[cfe-dev] [analyzer] Tracking values for generating bug reports

Kristóf Umann via cfe-dev cfe-dev at lists.llvm.org
Thu Aug 8 14:05:17 PDT 2019


I got another round! The following new run names were added:

.* + all non-control dependency changes: [1, 2] applied
.*AFTER tracking conditions + all non-control dependency changes: [1, 2]
applied, "track-conditions" enabled
.*AFTER tracking conditions FINAL: "track-conditions" enabled, [1-8]
applied (also with ~10 or so NFC patches)
.*AFTER tracking conditions FINAL + DEBUG notes: "track-conditions" and
"track-conditions-debug" enabled, [1-8] applied (also with ~10 or so NFC
patches)

[1] https://reviews.llvm.org/D64232 [analyzer] Prune calls to functions
with linear CFGs that return a non-zero constrained value
[2] https://reviews.llvm.org/D64287 [analyzer] Track the right hand side of
the last store regardless of its value
[3] https://reviews.llvm.org/D64270 [analyzer][NFC] Prepare visitors for
different tracking kinds

[4] https://reviews.llvm.org/D64272 [analyzer] Note last writes to a
condition only in a nested stackframe
[5] https://reviews.llvm.org/D65287 [analyzer][CFG] Don't track the
condition of asserts
[6] https://reviews.llvm.org/D65575 [analyzer] Mention whether an event is
about a condition in a bug report part 1
[7] https://reviews.llvm.org/D65724 [analyzer] Don't make
ConditionBRVisitor events prunable when the condition is an interesting
field
[8] https://reviews.llvm.org/D65725 [analyzer] Mention whether an event is
about a condition in a bug report part 2

Conclusions:

Shockingly, no condition tracking related changes were made in the FINAL
run for either Bitcoin or Xerces, so we only have LLVM/Clang to talk about.
This time, I added comments, which, after clicking on a report, can be
retrieved by clicking on 'Comments' in the upper right corner. These
comments are far more precise than the notes I left previously.

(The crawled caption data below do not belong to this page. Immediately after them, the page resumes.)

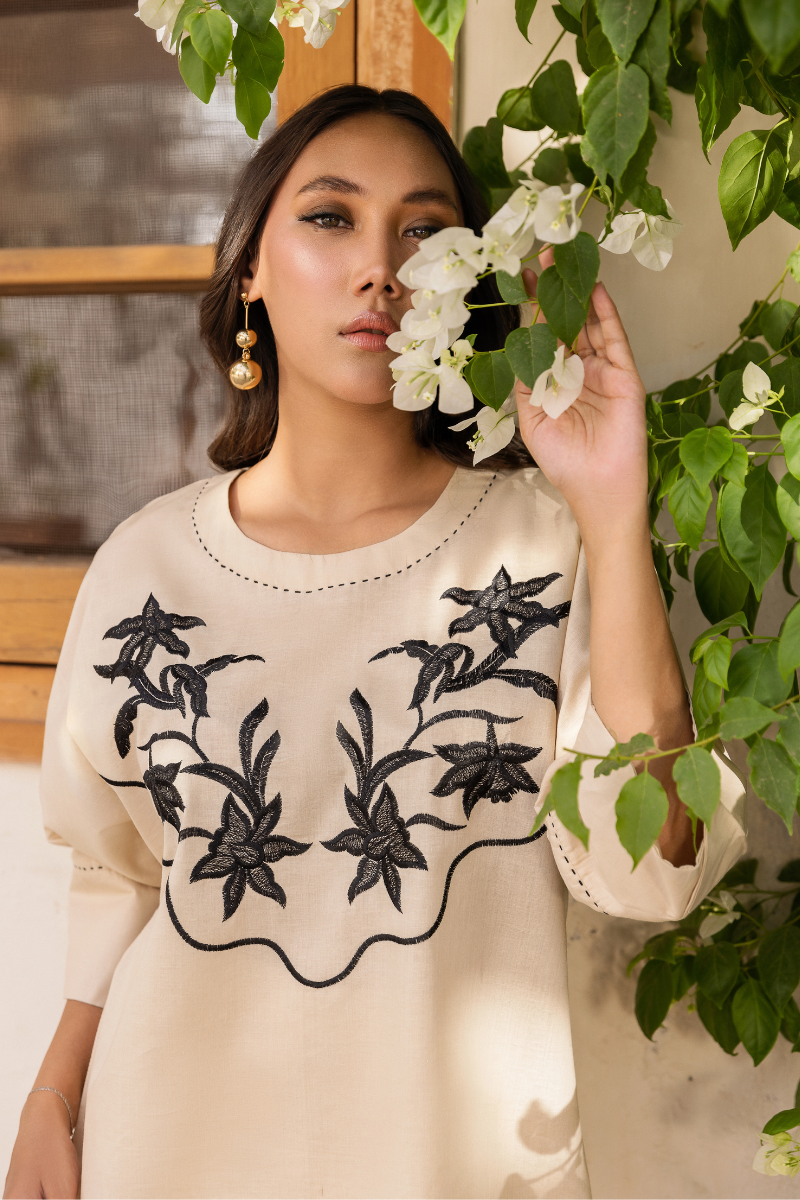 CREAM EMBROIDERED LAWN SET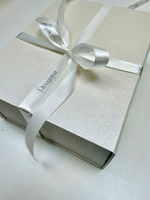 Коробка подарочная белая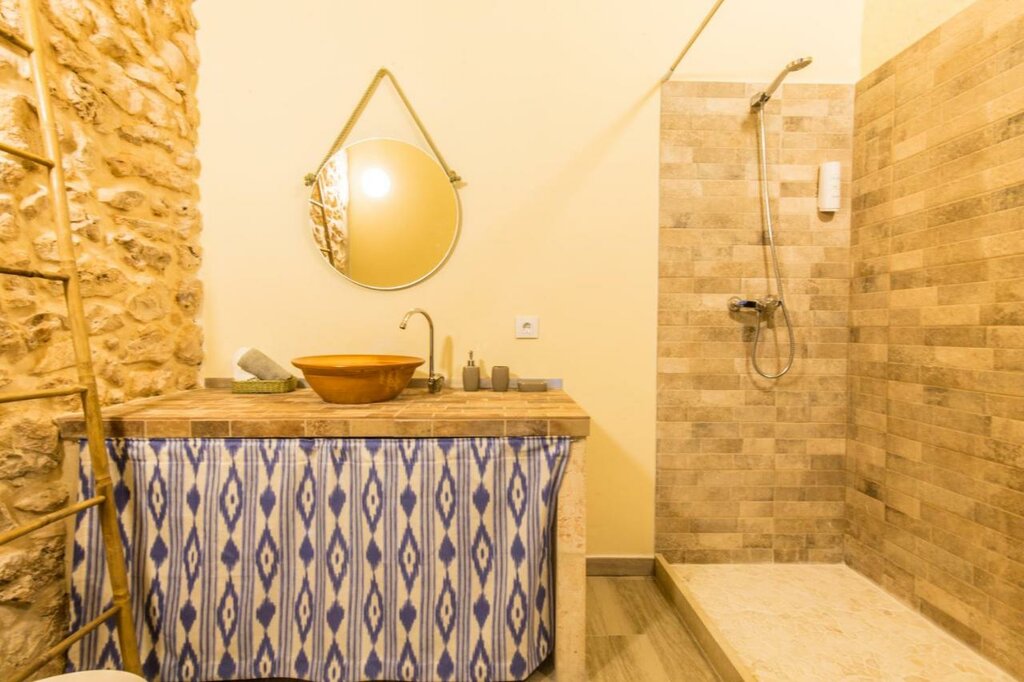 Hotel799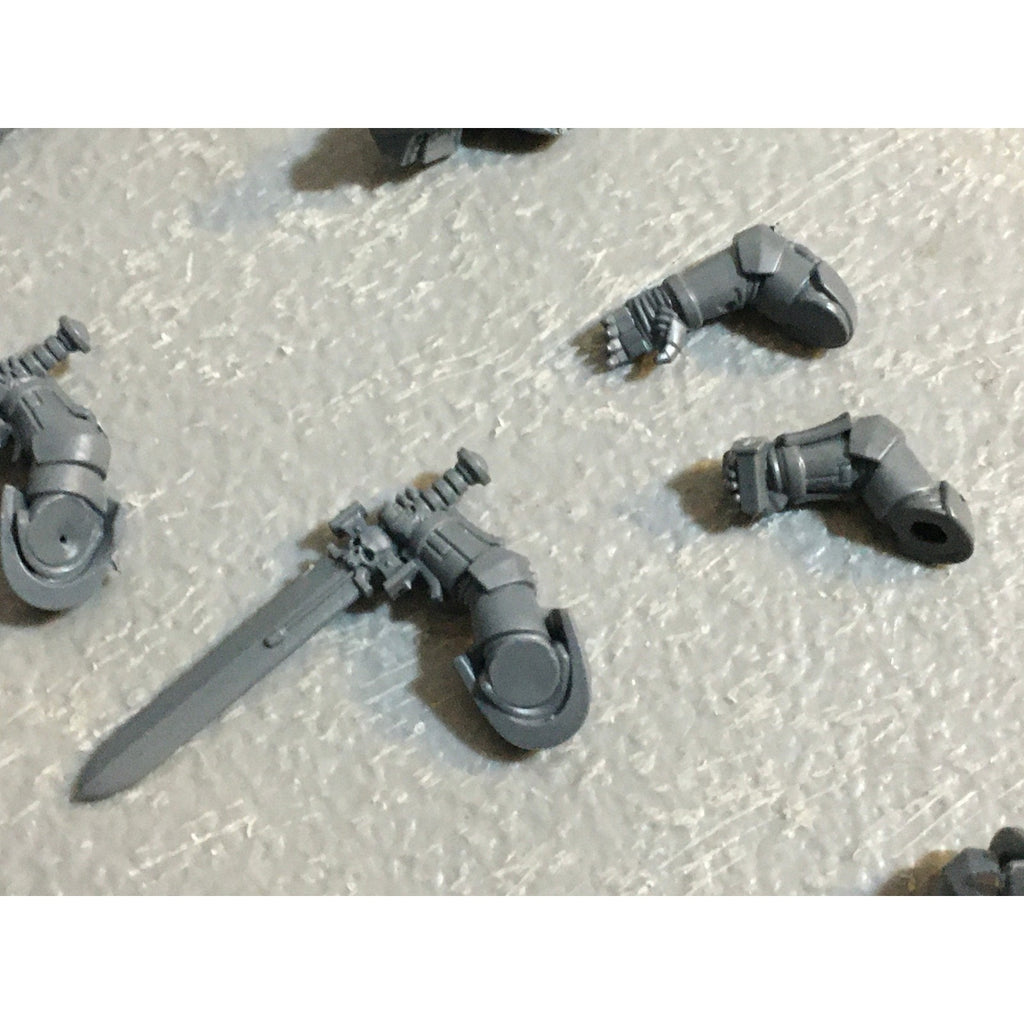 A29392 WARHAMMER 40K SPACE MARINES PRIMARIS BITS LOT ARMS PISTOL HEAVY SWORD GW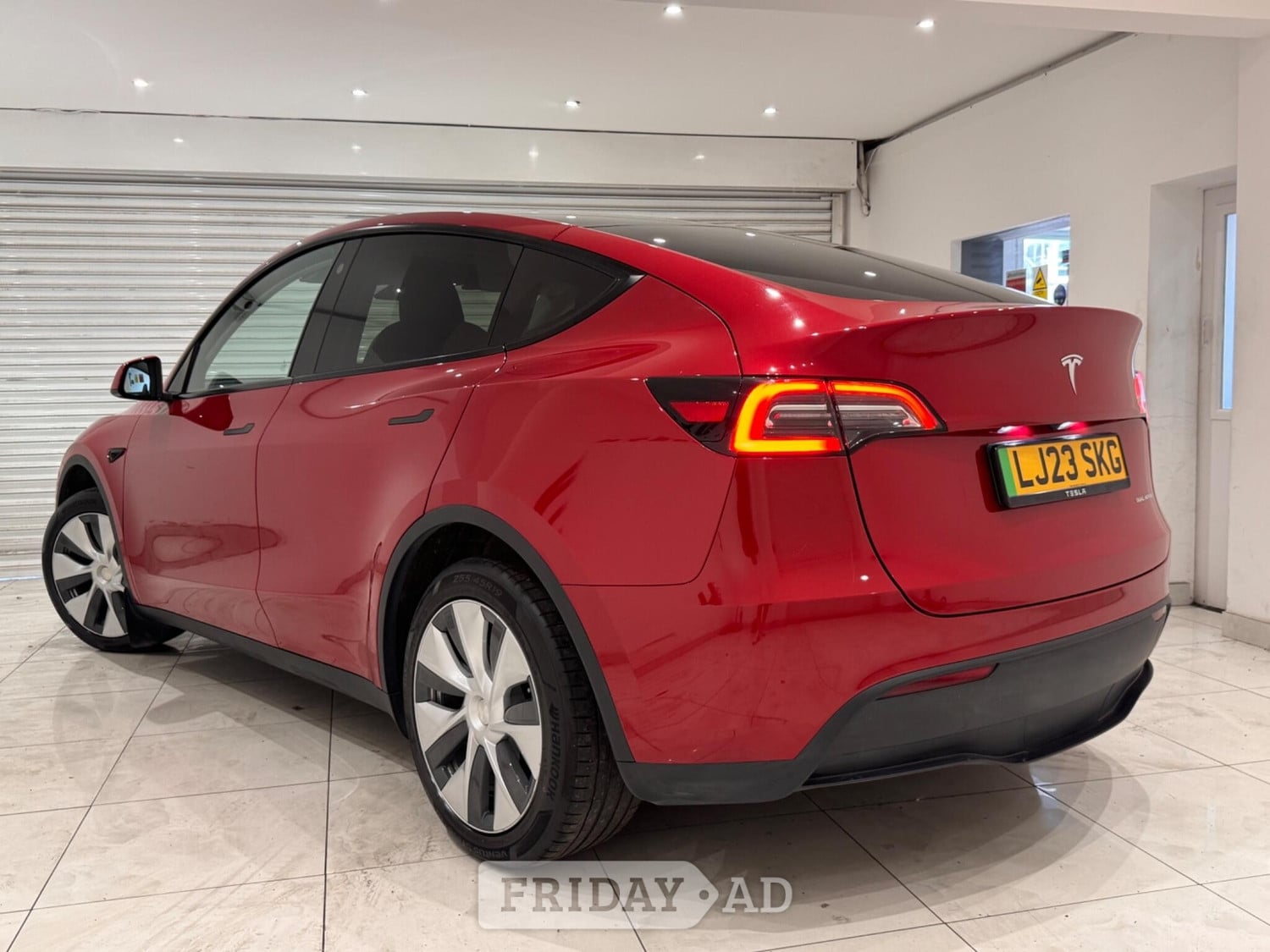 Tesla Model Y 2023 - Cars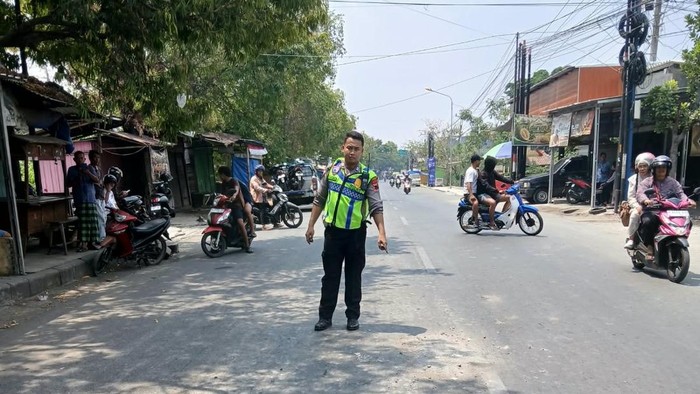 TKP kecelakaan menewaskan tukang ojek Wisata Makam Sunan Kalijaga Demak, Sabtu (10/10/2026).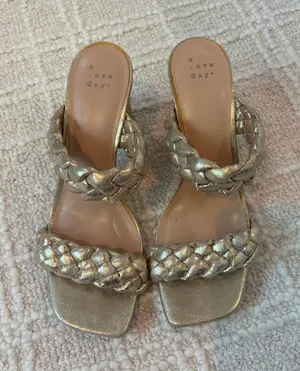Gold target heels thumbnail 1
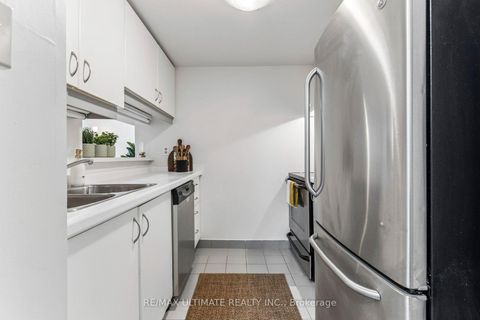 Photo 7 at 403 - 717 Bay Street, Bay Street Corridor, Toronto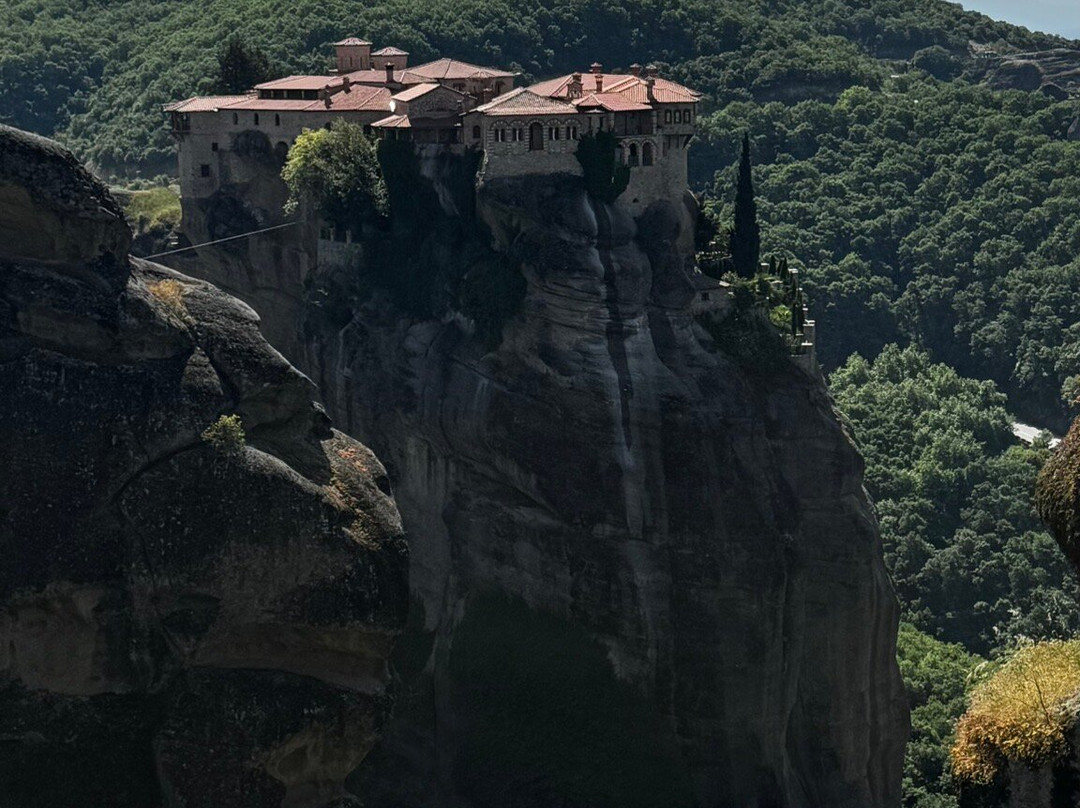 Meteora Thrones - Travel & Tourism Center-卡兰巴卡必去景点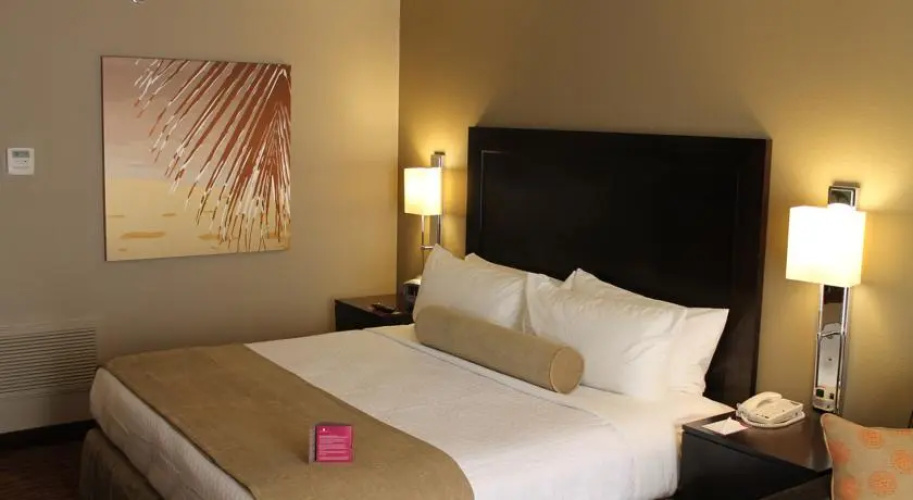 Crown Plaza Lahore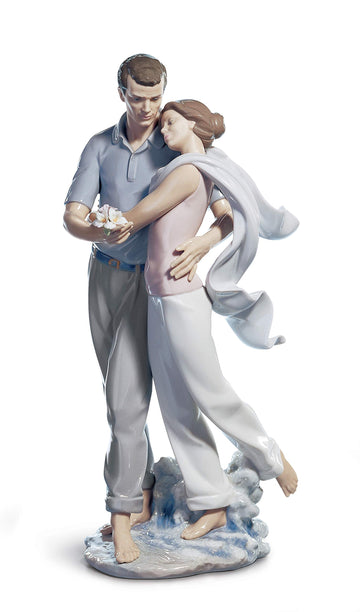 Lladró Couple Figure You'Re Everything To Me In Glossy Porcelain In Pastel Colors. Decorative Figure Of Lovers.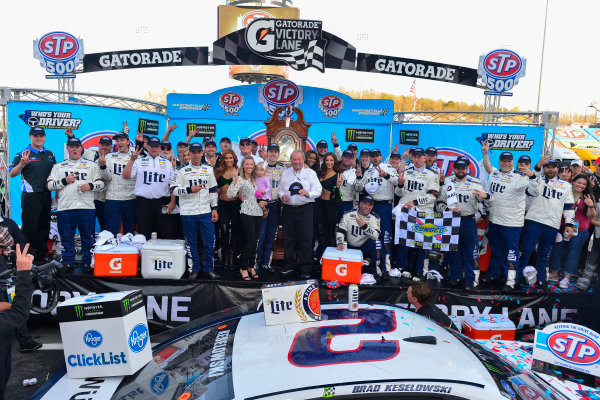 2017 Monster Energy NASCAR Cup Series
STP 500
Martinsville Speedway, Martinsville, VA USA
Sunday 2 April 2017
Brad Keselowski and team celebrate in victory lane
World Copyright: Logan Whitton/LAT Images
ref: Digital Image 17MART1LW2758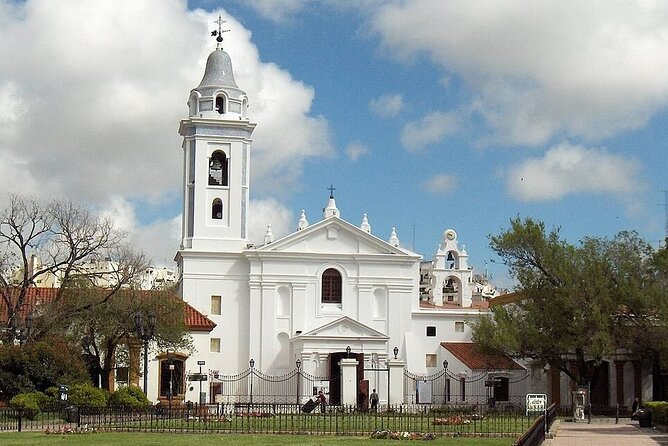 Buenos Aires: Private City Tour with Local Guide - How the second Plaza de Mayo photo stop improves the tour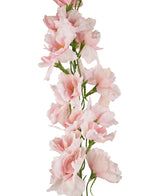 Un primo piano della ghirlanda di fiori artificiali Delphinium Real Touch Pink da 90 cm, con molteplici fiori rosa tenui e steli verdi, su uno sfondo bianco.
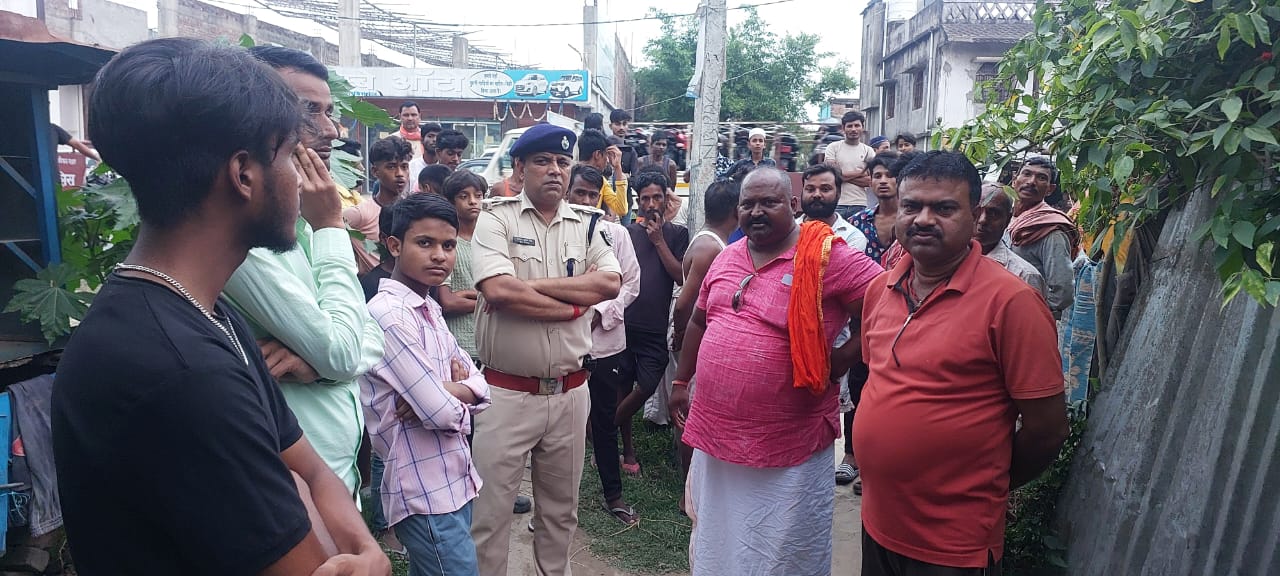 अररिया फोटो:पुलिस मौके पर पहुंचकर जांच करती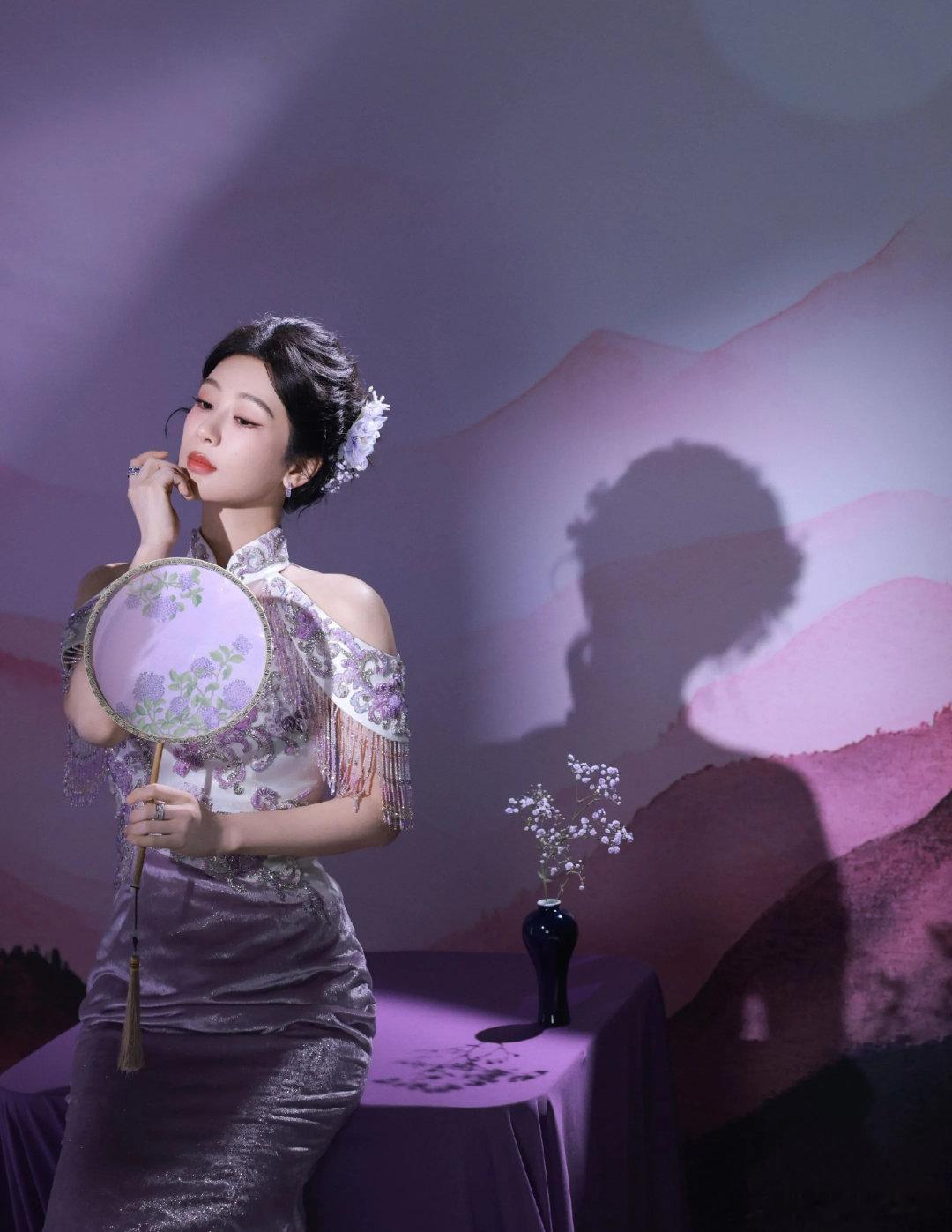 杨紫 yz杨紫 “宇宙山河浪漫银河星空璀璨月光是大海的梦境而你是我的宝藏.”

http://cc.elte.hu:15001/GSoC2019-July-5/#is-unique=on&run=LLVM%2FClang%20WITH%20condition%20tracking%20FINAL&review-status=Confirmed&review-status=False%20positive&review-status=Intentional&detection-status=New&detection-status=Reopened&detection-status=Unresolved&tab=LLVM%2FClang%20WITH%20condition%20tracking%20FINAL

The negatives:
1. Extra notes to functions following this pattern were very-very common:

bool a(int b) {
  return b == 0;
  // Assuming 'b' is equal to 0
  // Returning the value 1, which will be (a part of a) condition
}

void f(int b) {
  int *x = 0;
  if (a(b)) // call to 'a', returning from 'a'
    *x = 5; // nullptr dereference
}

These notes are totally meaningless, and they aren't pruned out by [1]
because the assumption notes are non-prunable (they explain a variable, b
in this case, that is marked as interesting, as the return value is tracked
by ReturnVisitor). A possible solution would be to prune linear functions
in ConditionBRVisitor as well similarly to [1], but then we'd lose the
assumption note. Instead, moving the non-prunable assumption note to the
actual collapse point would be better, but a quick look at the generated
ExplodedGraph reveals that this no longer an bug report construction issue:
the collapse point is in fact at the return statement, rather then the
condition.

So, I think the bug report should always explain how the analyzer thinks.
Ideally, this should be identical to how the bug could be reproduced, but
if it is not (in this case the assumption should be made when a(b) is the
condition), maybe the logic of the analysis should be changed instead.

Example: Notes 19-23,
http://cc.elte.hu:15001/GSoC2019-July-5/#is-unique=on&run=LLVM%2FClang%20WITH%20condition%20tracking%20FINAL&review-status=Confirmed&review-status=False%20positive&review-status=Intentional&detection-status=New&detection-status=Reopened&detection-status=Unresolved&tab=LLVM%2FClang%20WITH%20condition%20tracking%20FINAL&reportHash=8c536e75492d2588898e03178a704efb&report=12672&subtab=8c536e75492d2588898e03178a704efb

2. I didn't come across this too often, but it happened:

int getInt(); int getInt2();

bool a() {
  return getInt2() && getInt();
  // Returning value, which will be (a part of a) condition
}

void f() {
  int *x = 0;
  if (a()) // call to 'a', returning from 'a'
    *x = 5; // nullptr dereference
}

This note wasn't pruned because a() has in fact more than 3 basic blocks,
but it really doesn't change anything. I guess we *could* prune it, but I'm
leaning on accepting it as a sacrifice.

Example: Notes 65-68,
http://cc.elte.hu:15001/GSoC2019-July-5/#is-unique=on&run=LLVM%2FClang%20WITH%20condition%20tracking%20FINAL&review-status=Confirmed&review-status=False%20positive&review-status=Intentional&detection-status=New&detection-status=Reopened&detection-status=Unresolved&tab=LLVM%2FClang%20WITH%20condition%20tracking%20FINAL&reportHash=8cc2c55ab79efc36fcd2b1725648c2c3&report=12678&subtab=8cc2c55ab79efc36fcd2b1725648c2c3

3. Some function calls are lost due to retrieving information from nested
stack frames only, rather than different stack frames. I only encountered
this when the condition variable was invalidated: The "AFTER tracking
conditions WITH improved moderation" runs display the path to the
invalidation point, yet the FINAL runs do not.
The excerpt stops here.